Harvey Weinstein case confronts us with an uncomfortable truth

Few of us are immune to the cowardice that enabled Weinstein’s behaviour


Revelations about the inappropriate, violating and bullying sexual behaviour of producer and former film executive Harvey Weinstein have continued to ooze forth, like pus from a suppurating wound that needs draining, since they were first revealed in the New York Times on October 5th.

As more details of his appalling conduct and abuse of power scuttle out into the light (thanks to the many women who took the risk of giving their accounts), the news and opinion coverage mounts.

That word – the first one I wrote above – is repeated over and over again. Revelations. In biblical terms, the Book of Revelation is the one apocalyptic document in the New Testament canon (although you’ll find equally apocalyptic shorter passages elsewhere). The book makes for some pretty trippy reading, but that idea of a previously hidden truth being revealed runs throughout. In common parlance, the word “revelation” has similar connotations of the act of revealing, or making something known, particularly something shocking or important. To have a revelatory experience is to be blindsided.

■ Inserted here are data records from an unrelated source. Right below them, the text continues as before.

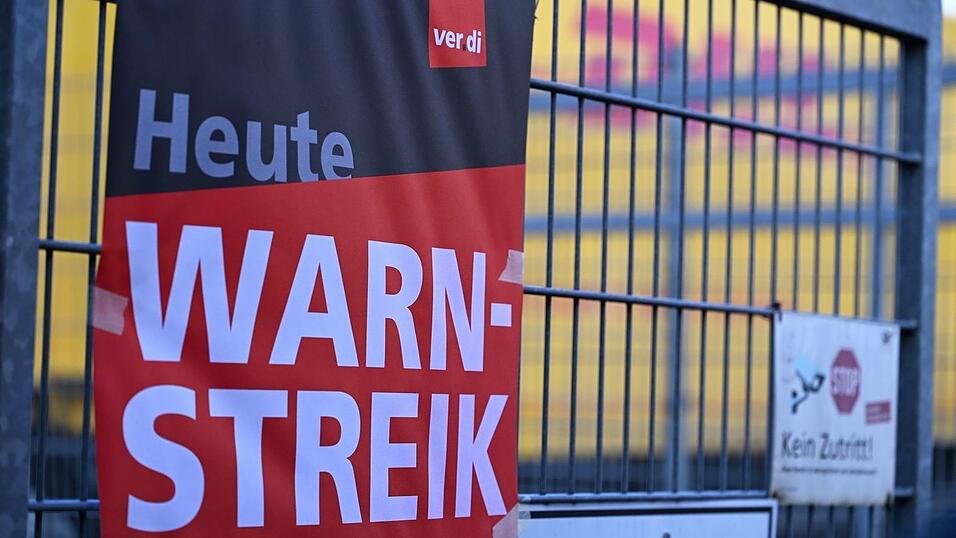Ein Warnstreik-Plakat an einer DHL-Zustellbasis Ende Januar - an anderen Standorten des Bonner Logistikers wird nun erneut gestreikt. Ein Warnstreik-Plakat an einer DHL-Zustellbasis Ende Januar - an anderen Standorten des Bonner Logistikers wird nun erneut gestreikt.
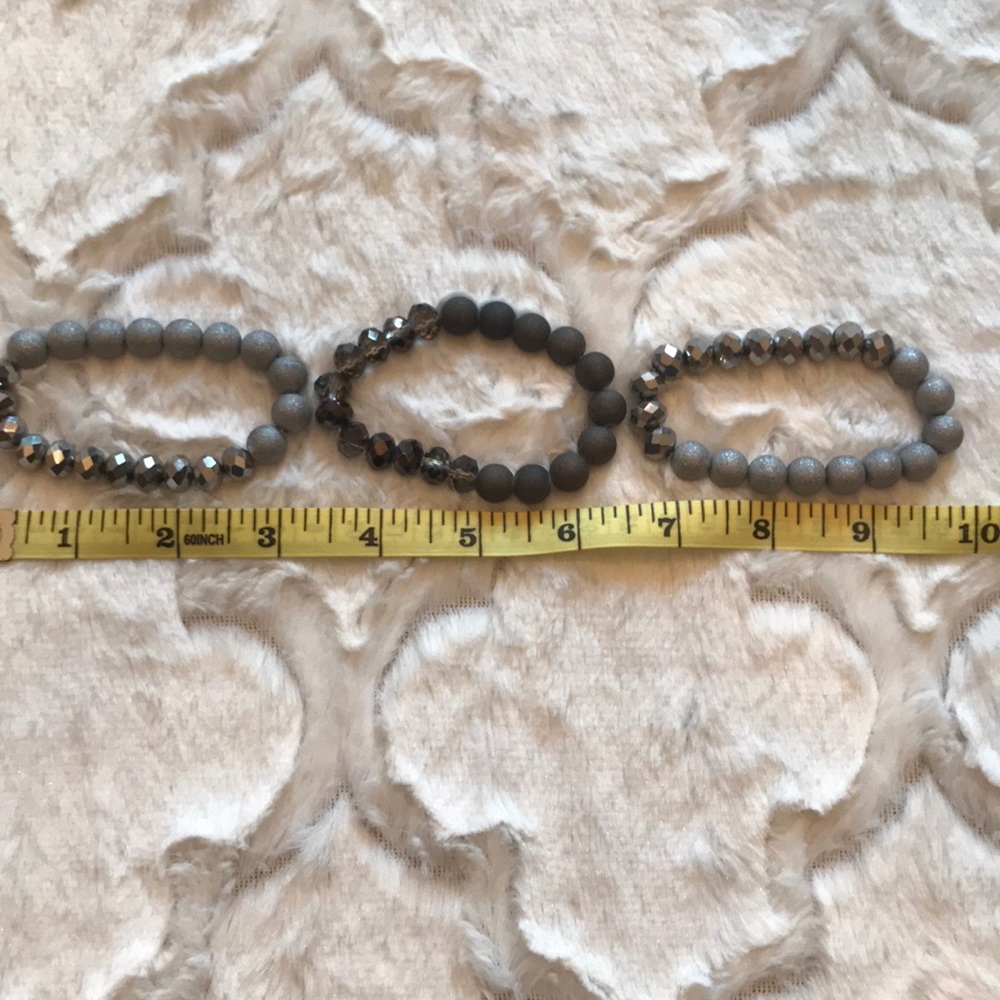 Silver and gray stack bracelets - Picture 8 of 9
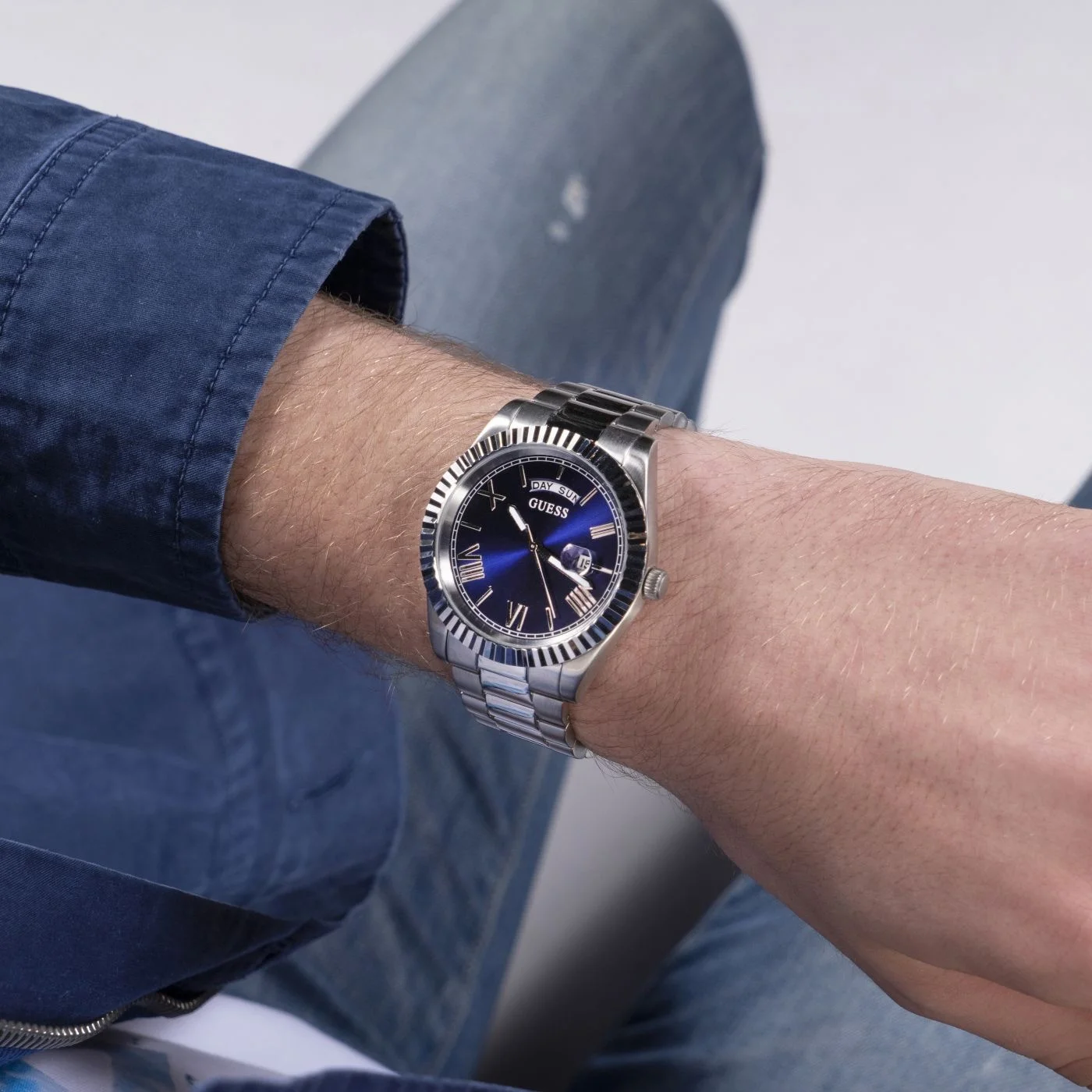 GUESS - CONNOISSEUR GUESS - CONNOISSEUR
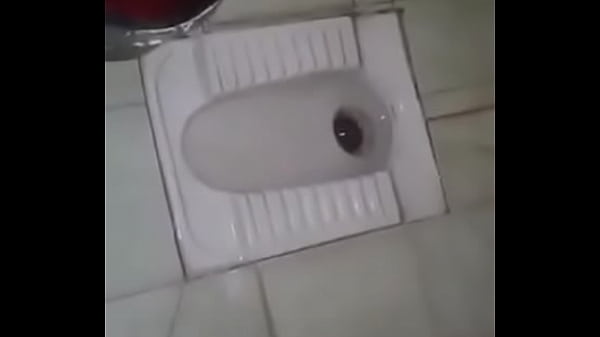 Pasutri Desi Ngewe Di Dalam Toilet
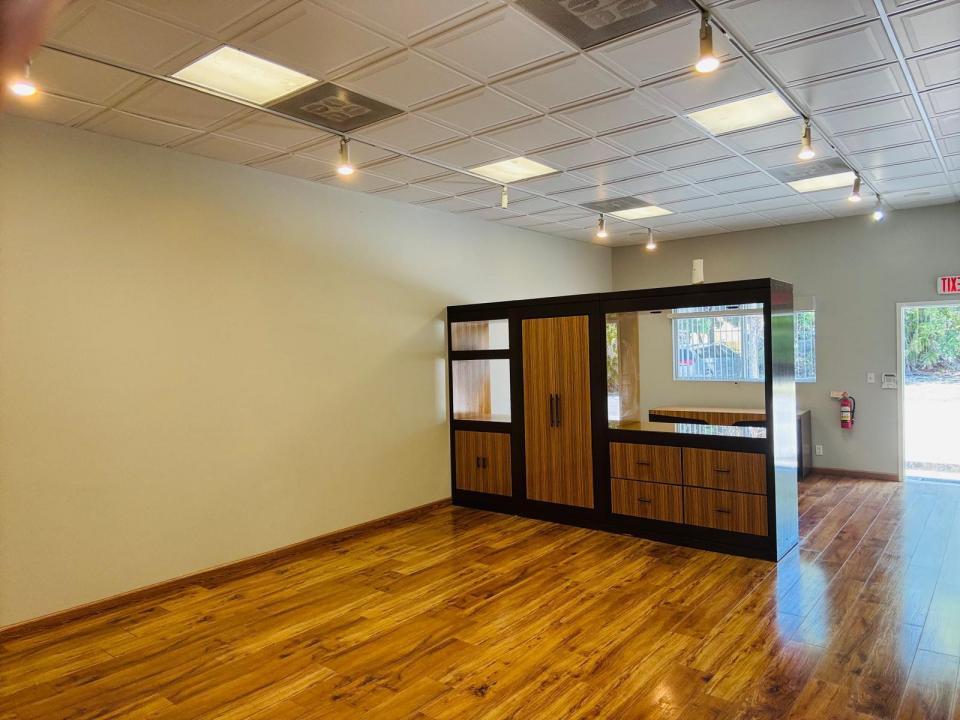2325 NW 30th Street, Oakland Park, Floride 33311, États-Unis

This is precisely why the word is so ill-suited to the allegations of Weinstein’s behaviour over decades. Although the scale of his abuse does indeed seem almost biblical, the rather cynical consensus is that everyone knew, and that those who knew something, but not everything, are not surprised. We don’t encounter revelatory truth, shrug, and figure “makes sense”. This information is not a revelation; it is the distasteful muck that slimes out when a boil everyone had been deliberately ignoring is summarily popped.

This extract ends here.